Crawled caption data
————
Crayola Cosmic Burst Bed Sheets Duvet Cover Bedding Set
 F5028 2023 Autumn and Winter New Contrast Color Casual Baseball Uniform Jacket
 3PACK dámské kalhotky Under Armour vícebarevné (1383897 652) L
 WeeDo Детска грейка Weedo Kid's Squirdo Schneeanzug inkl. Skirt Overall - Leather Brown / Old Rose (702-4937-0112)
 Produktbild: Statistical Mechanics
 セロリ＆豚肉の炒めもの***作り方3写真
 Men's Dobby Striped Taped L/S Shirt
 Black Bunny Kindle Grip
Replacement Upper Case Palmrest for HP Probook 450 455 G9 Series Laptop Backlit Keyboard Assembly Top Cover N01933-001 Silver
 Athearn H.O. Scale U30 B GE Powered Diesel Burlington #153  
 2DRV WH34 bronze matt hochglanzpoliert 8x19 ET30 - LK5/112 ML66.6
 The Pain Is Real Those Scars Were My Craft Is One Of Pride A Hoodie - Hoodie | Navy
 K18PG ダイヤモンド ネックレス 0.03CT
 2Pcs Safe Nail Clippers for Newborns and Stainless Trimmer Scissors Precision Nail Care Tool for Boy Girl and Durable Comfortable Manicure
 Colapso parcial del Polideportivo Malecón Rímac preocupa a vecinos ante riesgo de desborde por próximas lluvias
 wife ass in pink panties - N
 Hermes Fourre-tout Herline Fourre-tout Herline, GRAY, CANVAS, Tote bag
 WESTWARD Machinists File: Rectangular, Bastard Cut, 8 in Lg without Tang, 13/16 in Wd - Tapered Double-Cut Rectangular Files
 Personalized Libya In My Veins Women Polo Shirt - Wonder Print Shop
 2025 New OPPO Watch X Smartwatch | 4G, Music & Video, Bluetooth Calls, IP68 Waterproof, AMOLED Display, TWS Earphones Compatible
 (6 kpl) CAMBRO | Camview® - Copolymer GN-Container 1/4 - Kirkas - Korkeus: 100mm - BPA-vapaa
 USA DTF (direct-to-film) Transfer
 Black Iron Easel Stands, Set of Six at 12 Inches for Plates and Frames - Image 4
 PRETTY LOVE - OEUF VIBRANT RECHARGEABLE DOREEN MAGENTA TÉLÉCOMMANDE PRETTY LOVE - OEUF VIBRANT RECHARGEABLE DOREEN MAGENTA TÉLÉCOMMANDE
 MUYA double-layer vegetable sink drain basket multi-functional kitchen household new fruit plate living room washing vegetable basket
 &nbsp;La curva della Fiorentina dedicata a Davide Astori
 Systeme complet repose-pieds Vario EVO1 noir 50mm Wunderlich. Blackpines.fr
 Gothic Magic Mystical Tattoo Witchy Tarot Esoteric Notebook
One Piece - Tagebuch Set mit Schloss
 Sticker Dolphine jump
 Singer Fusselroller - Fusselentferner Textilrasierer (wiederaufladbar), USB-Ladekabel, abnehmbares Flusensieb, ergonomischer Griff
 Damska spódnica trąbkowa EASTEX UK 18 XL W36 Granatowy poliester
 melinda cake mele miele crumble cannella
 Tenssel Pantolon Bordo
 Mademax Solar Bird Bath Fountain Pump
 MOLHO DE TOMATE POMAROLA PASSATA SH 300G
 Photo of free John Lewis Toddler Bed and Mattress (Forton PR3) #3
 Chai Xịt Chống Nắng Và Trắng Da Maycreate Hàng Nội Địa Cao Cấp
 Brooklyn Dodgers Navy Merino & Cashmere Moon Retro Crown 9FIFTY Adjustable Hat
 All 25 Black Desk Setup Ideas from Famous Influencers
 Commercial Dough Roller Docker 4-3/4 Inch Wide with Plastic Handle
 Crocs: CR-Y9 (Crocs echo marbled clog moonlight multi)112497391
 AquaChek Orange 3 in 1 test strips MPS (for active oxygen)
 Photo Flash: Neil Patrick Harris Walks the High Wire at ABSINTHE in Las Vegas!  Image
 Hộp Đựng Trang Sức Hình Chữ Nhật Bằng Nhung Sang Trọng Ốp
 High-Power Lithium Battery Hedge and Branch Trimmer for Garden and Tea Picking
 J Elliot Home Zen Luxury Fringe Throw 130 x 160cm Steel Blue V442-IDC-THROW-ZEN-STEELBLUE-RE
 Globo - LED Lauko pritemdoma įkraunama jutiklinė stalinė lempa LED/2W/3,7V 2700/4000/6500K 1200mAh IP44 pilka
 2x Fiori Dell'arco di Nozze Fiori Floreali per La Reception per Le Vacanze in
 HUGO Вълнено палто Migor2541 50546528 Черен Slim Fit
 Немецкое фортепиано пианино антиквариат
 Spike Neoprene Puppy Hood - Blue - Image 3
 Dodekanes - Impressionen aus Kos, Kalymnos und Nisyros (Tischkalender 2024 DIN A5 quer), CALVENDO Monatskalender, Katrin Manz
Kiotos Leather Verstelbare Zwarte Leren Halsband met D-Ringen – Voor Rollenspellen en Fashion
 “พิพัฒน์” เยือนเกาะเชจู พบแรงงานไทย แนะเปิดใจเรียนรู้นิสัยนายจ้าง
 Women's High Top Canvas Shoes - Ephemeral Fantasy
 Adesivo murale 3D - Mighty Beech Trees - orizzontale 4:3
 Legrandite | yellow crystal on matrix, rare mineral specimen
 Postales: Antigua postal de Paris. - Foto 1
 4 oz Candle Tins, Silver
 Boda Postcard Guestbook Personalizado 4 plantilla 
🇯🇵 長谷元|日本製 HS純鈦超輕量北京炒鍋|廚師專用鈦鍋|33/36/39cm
————
→ Work instructions
Match on "High" and copy out every line of the entries that contains it.

→ Task result
 Photo Flash: Neil Patrick Harris Walks the High Wire at ABSINTHE in Las Vegas!  Image
 High-Power Lithium Battery Hedge and Branch Trimmer for Garden and Tea Picking
 Women's High Top Canvas Shoes - Ephemeral Fantasy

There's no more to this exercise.